-------- THE DATA --------

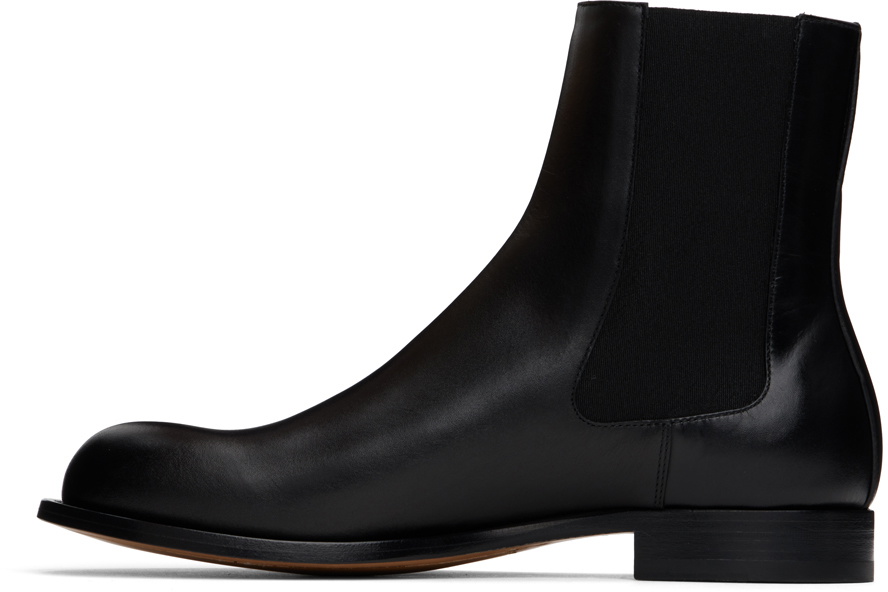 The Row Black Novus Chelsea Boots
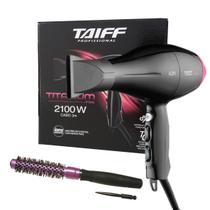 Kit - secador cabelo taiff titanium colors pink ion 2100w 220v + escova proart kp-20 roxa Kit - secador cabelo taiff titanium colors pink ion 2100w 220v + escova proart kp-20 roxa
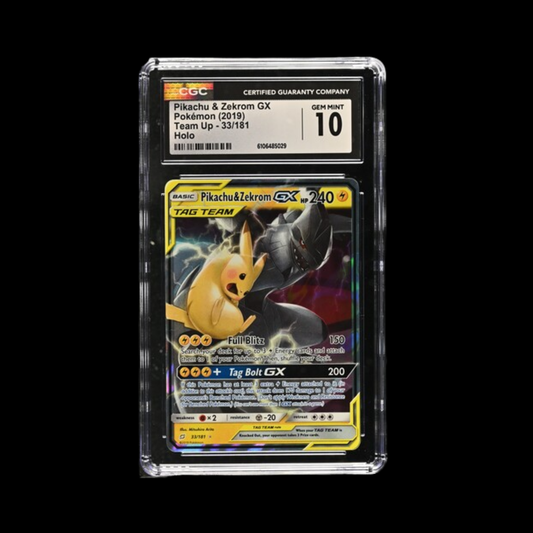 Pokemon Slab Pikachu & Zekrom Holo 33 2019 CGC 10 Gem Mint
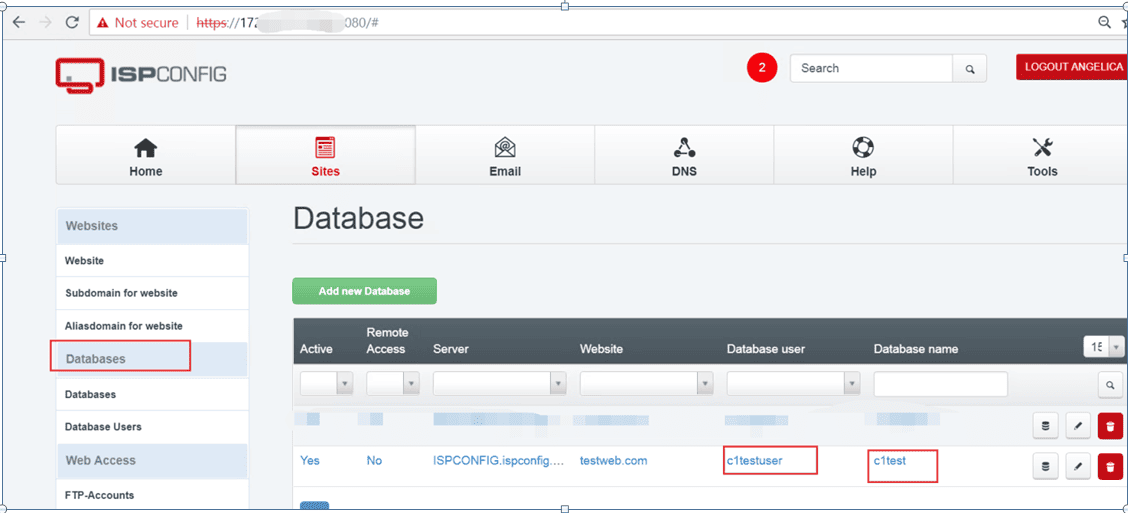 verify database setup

--------
-------- THE DATA --------

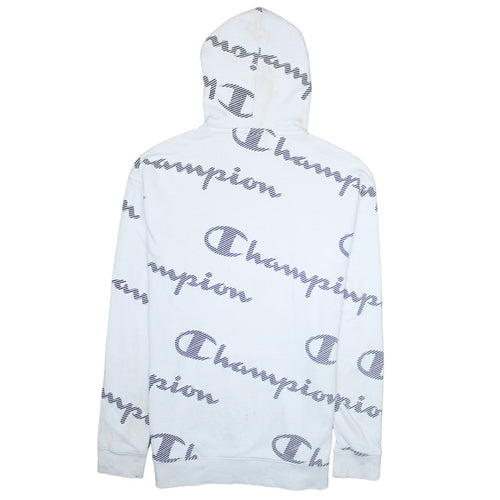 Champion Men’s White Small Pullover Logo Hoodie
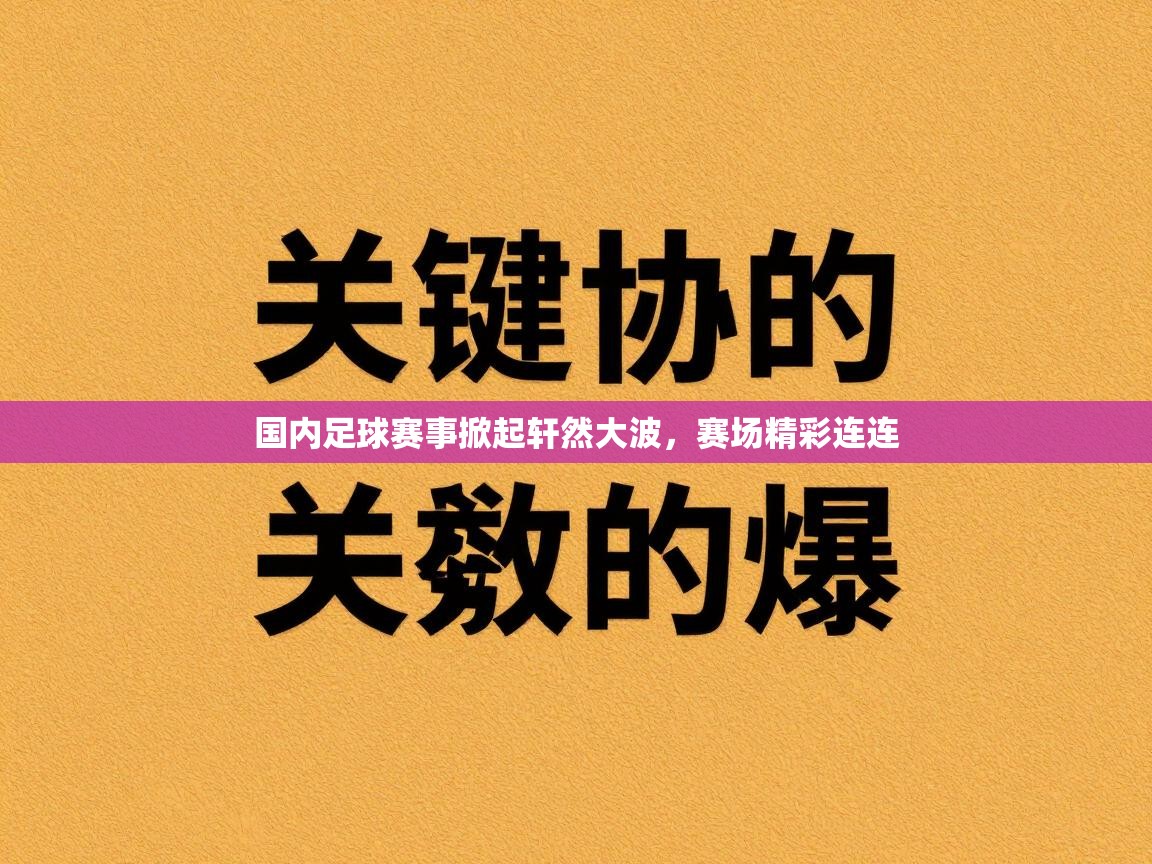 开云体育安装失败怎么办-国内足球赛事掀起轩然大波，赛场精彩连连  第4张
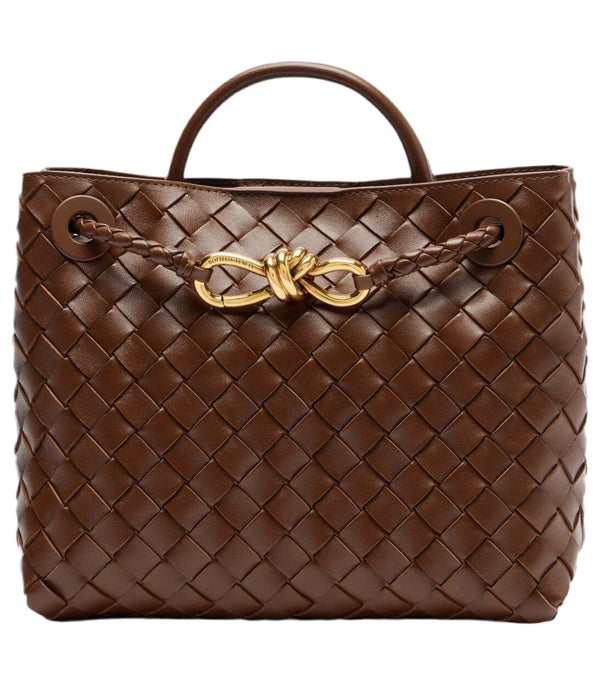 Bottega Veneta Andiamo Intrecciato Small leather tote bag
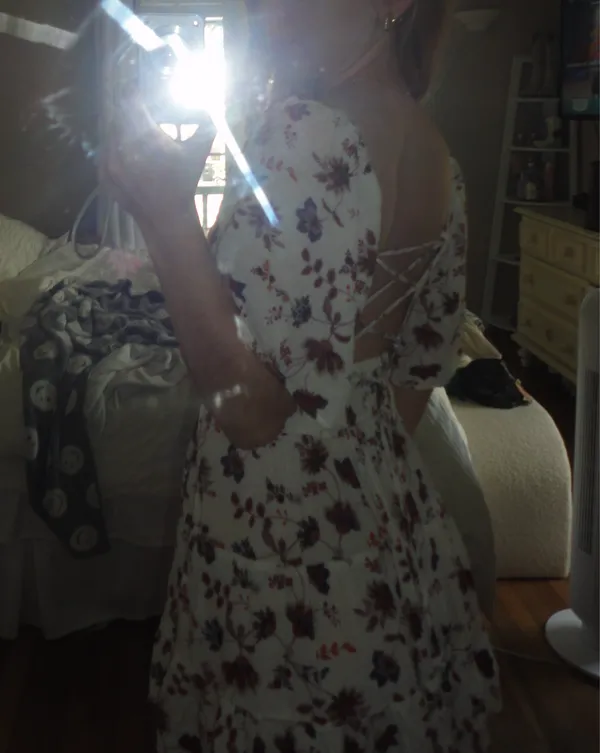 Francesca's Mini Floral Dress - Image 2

--------
-------- THE DATA --------

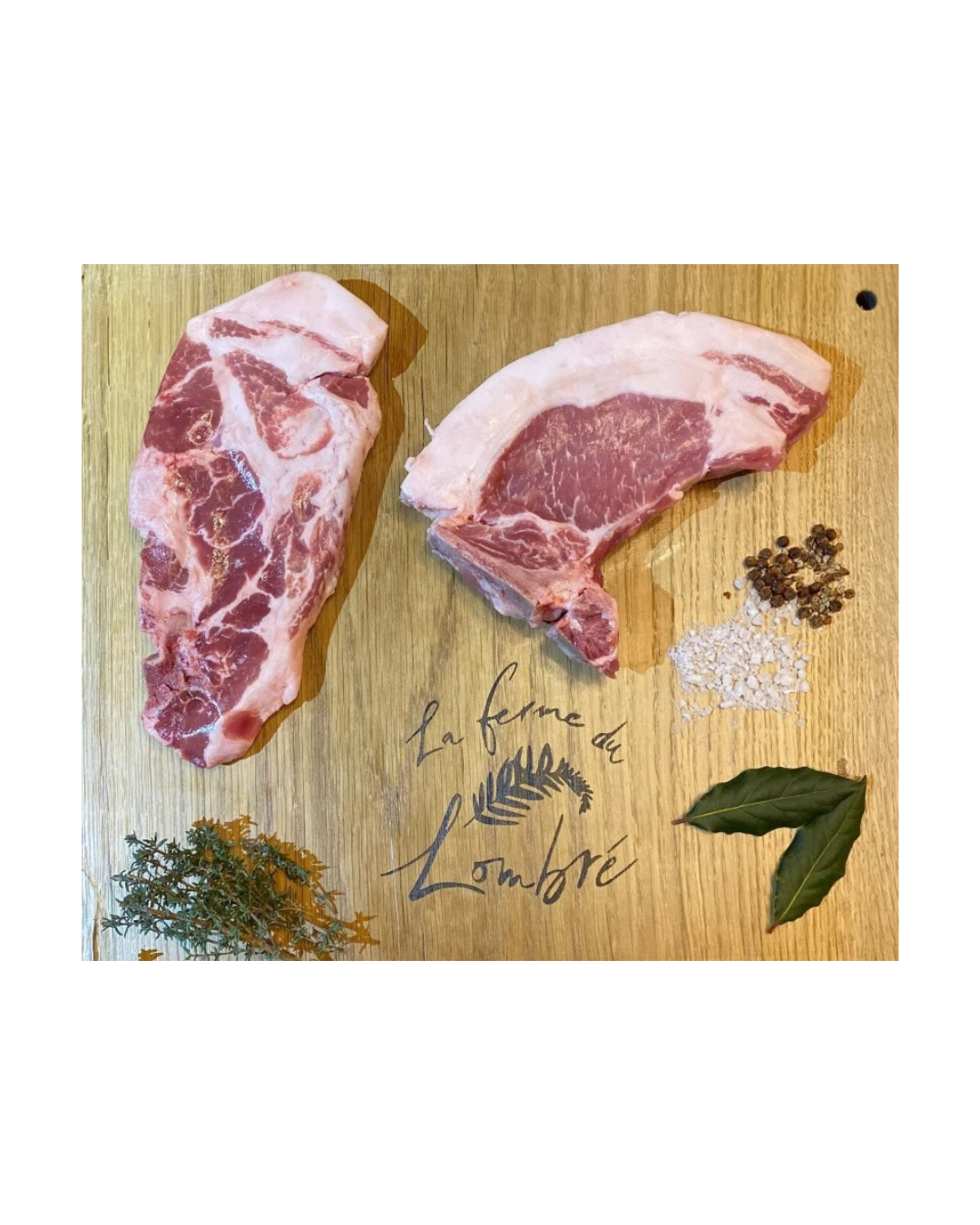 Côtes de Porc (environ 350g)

--------

__WHAT NEEDS TO BE DONE__. Every line above in the stretch from the one with "Pokemon Slab Pikachu" through the one with "verify database setup" is to be transcribed exactly, ends included. No picture is copied.

__WRITTEN REPLY__.
 Pokemon Slab Pikachu & Zekrom Holo 33 2019 CGC 10 Gem Mint
 verify database setup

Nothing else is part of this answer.